逻辑计划执行完,生成的Optimizer Logical Plan会被SparkPlanner调用plan方法执行,SparkPlaner会将各种物理计划策略strategies作用到Logical Plan上,生成Iterator[SparkPlan],SparkPlan是物理计划的父类,所以一个逻辑计划可能产生多个物理计划,然后选取最佳的SparkPlan,看如下代码,spark2.3.3版本中仍然是用next方法选取第一个。之后在执行计划前做一些准备工作,调用若干规则应用,toRDD函数正式执行物理计划,转换成RDD[InternalRow]类型
lazy val withCachedData: LogicalPlan = {
assertAnalyzed()
assertSupported()
sparkSession.sharedState.cacheManager.useCachedData(analyzed)
}
lazy val optimizedPlan: LogicalPlan = sparkSession.sessionState.optimizer.execute(withCachedData)

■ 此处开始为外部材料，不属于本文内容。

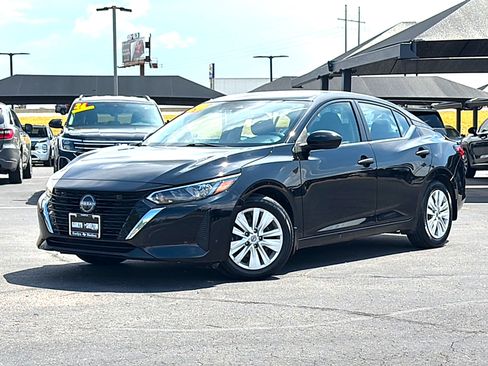 Used 2024 Nissan Sentra S FWD image 2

lazy val sparkPlan: SparkPlan = {
SparkSession.setActiveSession(sparkSession)
// TODO: We use next(), i.e. take the first plan returned by the planner, here for now,
// but we will implement to choose the best plan.
planner.plan(ReturnAnswer(optimizedPlan)).next()
}
// executedPlan should not be used to initialize any SparkPlan. It should be
// only used for execution.
lazy val executedPlan: SparkPlan = prepareForExecution(sparkPlan)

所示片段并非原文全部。